AU: Gold’s chemical symbol.
Avoirdupois: A system of weights based on a 16 oz. pound. One avoirdupois ounce is the equivalent of 28.35 grams or 1/16 of an ounce.
B
Bid: The price that a commodities firm will pay for a commodity.
Bubble: Bubbles happen when the price of virtually any investment rises above what the fundamentals justify.
Bullion: A precious metal in its purest form, usually in the shape of a bar or coin.
Business Strike Coins: A coin that was meant to be circulated.
C
Coin: A metal piece used for money, usually backed by a government. Coins with intrinsic value are considered real money.

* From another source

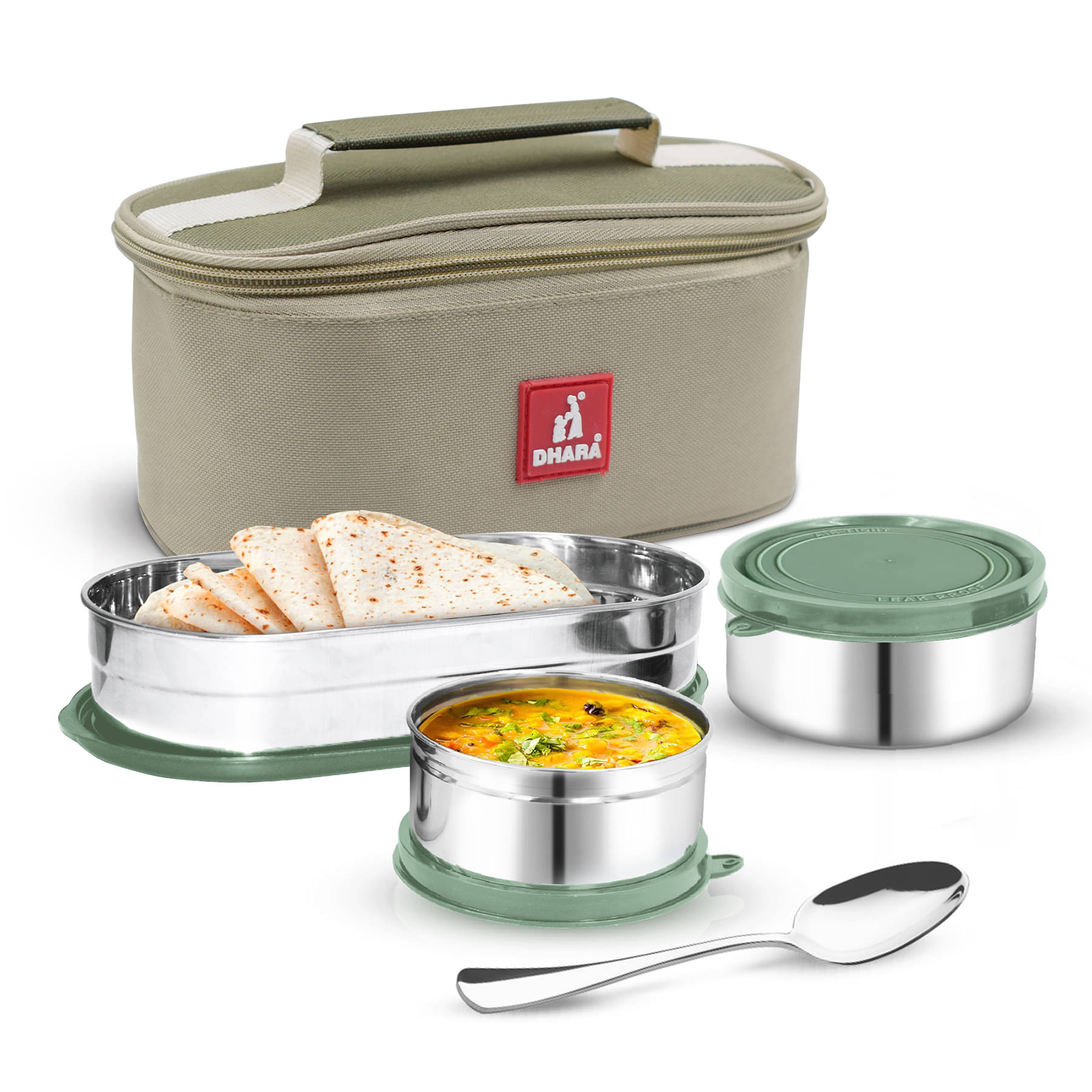 Dhara Stainless Steel Break time 3 Light Green Stainless Steel Lunch Box 3 - Container ( Pack of 1 ) Dhara Stainless Steel Break time 3 Light Green Stainless Steel Lunch Box 3 - Container ( Pack of 1 )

COMEX: The Commodity Exchange is where commodities like gold and silver trade on the open market.
Counterfeit: An imitation or phony reproduction of a coin or currency.
D
Denomination: An increment of value or face value associated with money.
Dollar: The name of the currency of the United States Government and considered the Global Reserve Currency.
E
Engelhard Corporation: World famous refiners of gold and silver products.
F
Face Value: The legal value stamped on a coin by a government but not necessarily the coins true value.

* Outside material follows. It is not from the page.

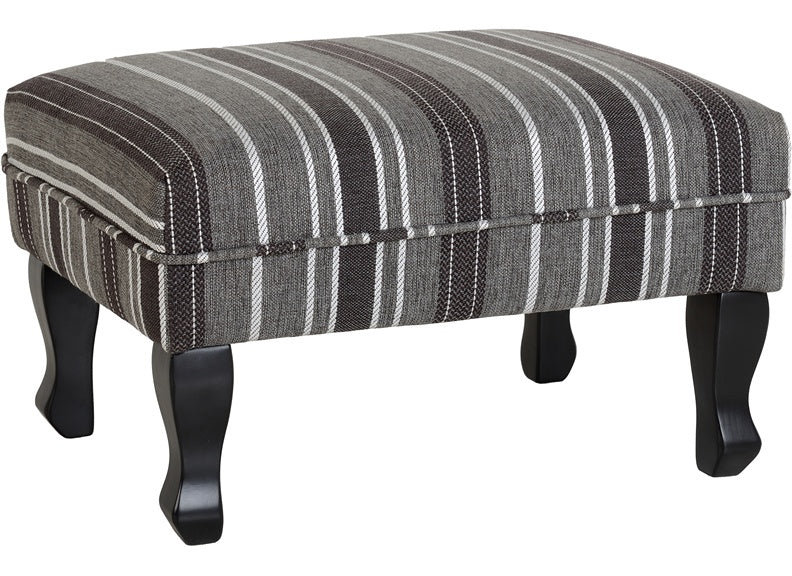 Sherborne Grey Stripe Fabric Footstool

Fineness: A measure for the purity of a precious metal coin or bar. For example: .999 fine is equivalent to 99.90% pure.
G
Grading Service: A neutral company that grades and certifies numismatic coins. Once the grade and condition are determined, the coins are typically protected and preserved in a hard-plastic casing.
H
Hallmark: A mark that is stamped into a bullion product to identify the producer.
Hedge: A hedge is an established position in one market designed to offset risk or exposure in another market.